_Work required_
Counting every line in the records below that holds "online", give the total and add nothing.

_Raw data_
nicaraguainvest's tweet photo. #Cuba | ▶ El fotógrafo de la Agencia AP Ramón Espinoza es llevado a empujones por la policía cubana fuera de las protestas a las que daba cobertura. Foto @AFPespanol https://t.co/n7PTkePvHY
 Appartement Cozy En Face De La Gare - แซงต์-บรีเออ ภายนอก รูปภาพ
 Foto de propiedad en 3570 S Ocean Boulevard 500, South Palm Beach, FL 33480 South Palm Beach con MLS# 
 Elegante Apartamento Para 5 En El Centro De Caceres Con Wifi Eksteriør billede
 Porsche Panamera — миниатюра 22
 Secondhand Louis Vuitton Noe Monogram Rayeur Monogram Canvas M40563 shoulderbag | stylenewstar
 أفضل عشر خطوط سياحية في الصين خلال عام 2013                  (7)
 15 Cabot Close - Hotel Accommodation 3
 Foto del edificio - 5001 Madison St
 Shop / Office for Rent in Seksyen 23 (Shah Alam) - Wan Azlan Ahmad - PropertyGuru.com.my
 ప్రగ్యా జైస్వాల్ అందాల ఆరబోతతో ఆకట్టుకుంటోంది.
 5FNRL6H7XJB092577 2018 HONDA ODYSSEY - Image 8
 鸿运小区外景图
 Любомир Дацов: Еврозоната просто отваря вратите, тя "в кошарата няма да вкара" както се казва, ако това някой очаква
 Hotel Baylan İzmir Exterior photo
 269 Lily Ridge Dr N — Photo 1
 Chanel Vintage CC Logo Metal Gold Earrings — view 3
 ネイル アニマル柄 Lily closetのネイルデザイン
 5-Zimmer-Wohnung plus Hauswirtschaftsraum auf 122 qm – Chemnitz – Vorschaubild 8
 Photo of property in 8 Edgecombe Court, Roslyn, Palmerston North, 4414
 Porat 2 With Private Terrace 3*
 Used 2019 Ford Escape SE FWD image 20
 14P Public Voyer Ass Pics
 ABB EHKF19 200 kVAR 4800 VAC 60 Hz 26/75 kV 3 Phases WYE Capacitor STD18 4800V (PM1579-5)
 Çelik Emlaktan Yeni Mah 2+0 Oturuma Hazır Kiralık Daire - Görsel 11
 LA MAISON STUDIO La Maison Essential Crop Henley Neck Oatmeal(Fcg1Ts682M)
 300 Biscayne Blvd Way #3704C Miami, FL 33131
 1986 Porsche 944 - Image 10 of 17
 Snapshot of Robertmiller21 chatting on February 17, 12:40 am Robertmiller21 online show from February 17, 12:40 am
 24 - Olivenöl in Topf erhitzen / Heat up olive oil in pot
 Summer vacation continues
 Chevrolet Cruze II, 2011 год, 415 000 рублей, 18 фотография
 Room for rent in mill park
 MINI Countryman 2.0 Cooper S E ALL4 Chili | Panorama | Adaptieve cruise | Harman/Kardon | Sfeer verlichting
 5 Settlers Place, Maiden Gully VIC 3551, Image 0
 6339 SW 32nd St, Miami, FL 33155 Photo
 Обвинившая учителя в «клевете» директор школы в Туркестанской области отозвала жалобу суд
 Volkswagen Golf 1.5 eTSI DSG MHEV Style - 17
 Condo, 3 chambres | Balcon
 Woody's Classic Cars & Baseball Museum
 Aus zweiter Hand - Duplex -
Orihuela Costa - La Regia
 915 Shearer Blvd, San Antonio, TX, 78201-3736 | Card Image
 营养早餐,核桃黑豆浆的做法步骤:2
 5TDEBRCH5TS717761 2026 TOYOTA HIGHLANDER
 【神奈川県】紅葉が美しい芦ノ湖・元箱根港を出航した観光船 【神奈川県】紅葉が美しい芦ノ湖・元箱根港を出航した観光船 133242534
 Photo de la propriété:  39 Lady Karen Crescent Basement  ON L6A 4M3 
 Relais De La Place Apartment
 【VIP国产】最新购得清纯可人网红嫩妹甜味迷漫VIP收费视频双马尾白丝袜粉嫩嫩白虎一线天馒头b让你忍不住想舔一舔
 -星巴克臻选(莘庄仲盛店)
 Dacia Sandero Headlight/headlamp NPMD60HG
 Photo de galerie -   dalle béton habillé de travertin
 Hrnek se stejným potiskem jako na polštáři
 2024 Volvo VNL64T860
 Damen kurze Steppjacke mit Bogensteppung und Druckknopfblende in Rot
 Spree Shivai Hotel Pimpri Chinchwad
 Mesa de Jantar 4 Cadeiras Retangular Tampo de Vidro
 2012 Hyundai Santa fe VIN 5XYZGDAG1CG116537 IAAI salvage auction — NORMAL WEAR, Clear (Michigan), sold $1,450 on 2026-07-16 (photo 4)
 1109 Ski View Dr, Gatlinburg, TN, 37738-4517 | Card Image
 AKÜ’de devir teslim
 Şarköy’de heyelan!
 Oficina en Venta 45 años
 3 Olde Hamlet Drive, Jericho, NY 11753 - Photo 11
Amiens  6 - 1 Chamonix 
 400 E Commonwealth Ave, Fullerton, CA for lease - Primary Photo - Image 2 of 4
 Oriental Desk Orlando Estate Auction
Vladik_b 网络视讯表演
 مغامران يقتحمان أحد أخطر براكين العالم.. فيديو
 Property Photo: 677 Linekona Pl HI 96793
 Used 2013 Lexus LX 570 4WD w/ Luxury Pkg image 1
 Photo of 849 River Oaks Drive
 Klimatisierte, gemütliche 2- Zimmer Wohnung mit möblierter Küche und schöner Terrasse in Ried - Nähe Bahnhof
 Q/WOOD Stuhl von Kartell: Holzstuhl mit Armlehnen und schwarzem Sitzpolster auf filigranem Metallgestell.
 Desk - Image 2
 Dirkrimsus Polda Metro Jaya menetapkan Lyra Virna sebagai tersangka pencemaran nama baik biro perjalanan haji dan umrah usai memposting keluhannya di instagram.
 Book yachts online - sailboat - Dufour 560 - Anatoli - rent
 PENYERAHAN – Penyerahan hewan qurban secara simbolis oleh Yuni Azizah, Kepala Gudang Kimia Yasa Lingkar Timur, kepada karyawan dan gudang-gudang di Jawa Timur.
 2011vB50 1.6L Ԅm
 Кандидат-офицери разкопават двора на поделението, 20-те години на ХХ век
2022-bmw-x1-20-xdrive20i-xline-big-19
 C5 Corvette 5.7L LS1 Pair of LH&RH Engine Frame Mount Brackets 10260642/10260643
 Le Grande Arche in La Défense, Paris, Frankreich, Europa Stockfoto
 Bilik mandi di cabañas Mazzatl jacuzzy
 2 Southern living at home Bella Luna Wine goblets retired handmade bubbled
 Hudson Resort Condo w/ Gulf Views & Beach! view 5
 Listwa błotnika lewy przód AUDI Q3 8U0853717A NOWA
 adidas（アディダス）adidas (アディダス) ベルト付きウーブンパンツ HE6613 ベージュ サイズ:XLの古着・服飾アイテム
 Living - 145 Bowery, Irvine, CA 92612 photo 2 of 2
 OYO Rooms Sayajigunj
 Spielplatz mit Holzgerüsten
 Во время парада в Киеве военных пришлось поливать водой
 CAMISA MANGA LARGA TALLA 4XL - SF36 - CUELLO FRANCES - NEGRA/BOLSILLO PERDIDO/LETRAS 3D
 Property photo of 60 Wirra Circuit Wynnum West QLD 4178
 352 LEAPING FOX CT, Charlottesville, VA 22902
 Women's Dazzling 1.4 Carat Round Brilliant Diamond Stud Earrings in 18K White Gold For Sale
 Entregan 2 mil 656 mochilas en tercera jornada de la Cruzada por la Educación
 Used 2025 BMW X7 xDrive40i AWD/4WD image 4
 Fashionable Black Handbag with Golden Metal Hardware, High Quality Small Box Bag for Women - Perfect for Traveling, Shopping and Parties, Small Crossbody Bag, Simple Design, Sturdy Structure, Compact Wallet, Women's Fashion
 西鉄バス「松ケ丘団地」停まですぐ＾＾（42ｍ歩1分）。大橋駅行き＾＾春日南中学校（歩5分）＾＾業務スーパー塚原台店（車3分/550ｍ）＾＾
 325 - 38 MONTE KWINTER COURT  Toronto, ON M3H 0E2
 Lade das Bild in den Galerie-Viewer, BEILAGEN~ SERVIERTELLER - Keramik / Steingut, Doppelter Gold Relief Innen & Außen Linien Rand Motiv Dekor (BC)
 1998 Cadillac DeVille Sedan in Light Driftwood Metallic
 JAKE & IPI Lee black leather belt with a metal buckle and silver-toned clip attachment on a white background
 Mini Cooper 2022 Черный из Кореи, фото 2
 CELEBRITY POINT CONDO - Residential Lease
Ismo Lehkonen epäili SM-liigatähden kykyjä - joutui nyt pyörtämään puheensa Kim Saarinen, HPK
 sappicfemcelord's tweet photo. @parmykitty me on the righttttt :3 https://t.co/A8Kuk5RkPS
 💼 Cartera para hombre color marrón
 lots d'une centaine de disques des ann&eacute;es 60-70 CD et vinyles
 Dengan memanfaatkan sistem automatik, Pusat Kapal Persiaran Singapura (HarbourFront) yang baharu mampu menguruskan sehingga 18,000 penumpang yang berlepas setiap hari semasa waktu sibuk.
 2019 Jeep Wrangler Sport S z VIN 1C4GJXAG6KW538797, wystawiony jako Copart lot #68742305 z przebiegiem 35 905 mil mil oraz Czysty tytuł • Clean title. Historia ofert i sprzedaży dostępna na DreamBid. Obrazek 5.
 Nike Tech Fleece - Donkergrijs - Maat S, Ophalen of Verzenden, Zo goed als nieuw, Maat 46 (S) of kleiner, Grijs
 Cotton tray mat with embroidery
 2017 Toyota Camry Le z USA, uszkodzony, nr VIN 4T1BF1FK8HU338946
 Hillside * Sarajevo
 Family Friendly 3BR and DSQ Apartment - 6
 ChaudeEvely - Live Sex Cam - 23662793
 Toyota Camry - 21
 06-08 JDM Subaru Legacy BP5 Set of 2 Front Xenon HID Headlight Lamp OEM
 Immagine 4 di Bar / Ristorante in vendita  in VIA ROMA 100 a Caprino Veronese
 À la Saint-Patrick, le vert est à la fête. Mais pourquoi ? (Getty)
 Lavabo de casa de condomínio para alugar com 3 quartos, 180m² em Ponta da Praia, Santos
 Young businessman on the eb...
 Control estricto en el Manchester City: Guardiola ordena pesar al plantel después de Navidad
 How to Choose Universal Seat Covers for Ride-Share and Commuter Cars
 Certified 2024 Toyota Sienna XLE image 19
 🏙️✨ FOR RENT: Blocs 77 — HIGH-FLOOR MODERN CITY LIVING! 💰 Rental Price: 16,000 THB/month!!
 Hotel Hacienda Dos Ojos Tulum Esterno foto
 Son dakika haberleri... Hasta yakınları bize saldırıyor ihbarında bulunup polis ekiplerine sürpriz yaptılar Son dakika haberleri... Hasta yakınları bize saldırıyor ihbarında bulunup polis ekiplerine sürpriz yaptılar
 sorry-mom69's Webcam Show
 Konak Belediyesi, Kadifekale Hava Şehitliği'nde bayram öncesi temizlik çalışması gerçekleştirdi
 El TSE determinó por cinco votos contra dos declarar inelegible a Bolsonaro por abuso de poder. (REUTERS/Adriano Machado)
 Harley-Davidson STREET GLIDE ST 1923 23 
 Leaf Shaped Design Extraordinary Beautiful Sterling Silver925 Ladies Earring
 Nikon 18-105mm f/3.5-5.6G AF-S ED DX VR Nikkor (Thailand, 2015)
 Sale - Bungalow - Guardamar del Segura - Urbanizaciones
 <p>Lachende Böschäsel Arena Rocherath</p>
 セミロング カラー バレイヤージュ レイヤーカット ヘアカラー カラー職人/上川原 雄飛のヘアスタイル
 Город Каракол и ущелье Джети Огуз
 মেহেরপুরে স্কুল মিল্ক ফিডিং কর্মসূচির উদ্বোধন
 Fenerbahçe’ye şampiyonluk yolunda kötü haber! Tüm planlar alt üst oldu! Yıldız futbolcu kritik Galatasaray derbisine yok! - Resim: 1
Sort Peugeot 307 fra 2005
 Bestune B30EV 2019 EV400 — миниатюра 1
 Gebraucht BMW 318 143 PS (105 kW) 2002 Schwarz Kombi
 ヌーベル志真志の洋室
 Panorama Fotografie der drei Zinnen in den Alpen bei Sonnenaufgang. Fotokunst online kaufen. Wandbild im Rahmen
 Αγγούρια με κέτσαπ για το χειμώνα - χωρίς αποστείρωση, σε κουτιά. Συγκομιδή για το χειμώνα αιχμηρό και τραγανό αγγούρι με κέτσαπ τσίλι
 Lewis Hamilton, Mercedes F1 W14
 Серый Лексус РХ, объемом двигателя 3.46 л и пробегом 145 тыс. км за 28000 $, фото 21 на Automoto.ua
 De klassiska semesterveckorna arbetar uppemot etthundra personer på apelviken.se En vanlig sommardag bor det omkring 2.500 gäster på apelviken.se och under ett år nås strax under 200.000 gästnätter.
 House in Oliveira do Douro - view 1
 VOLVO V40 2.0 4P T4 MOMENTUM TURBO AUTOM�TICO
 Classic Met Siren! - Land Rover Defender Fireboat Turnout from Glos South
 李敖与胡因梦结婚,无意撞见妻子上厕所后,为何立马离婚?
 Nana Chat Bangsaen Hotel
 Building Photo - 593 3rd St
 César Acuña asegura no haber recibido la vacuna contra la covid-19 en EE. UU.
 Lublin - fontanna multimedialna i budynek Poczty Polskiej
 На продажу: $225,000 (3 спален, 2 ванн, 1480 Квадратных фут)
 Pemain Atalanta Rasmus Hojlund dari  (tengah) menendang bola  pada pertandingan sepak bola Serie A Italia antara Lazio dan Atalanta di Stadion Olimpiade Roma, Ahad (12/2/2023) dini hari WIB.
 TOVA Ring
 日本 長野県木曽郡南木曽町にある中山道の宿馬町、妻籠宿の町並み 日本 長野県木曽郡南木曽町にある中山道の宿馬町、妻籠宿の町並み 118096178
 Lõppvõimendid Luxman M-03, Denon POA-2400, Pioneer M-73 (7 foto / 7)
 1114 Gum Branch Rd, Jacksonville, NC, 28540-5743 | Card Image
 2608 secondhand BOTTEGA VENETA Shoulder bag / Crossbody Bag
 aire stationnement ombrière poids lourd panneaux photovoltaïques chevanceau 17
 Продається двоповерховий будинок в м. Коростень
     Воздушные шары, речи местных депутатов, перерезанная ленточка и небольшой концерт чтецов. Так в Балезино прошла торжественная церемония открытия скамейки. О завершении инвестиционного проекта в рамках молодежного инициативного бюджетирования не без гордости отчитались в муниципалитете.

_Task result_
3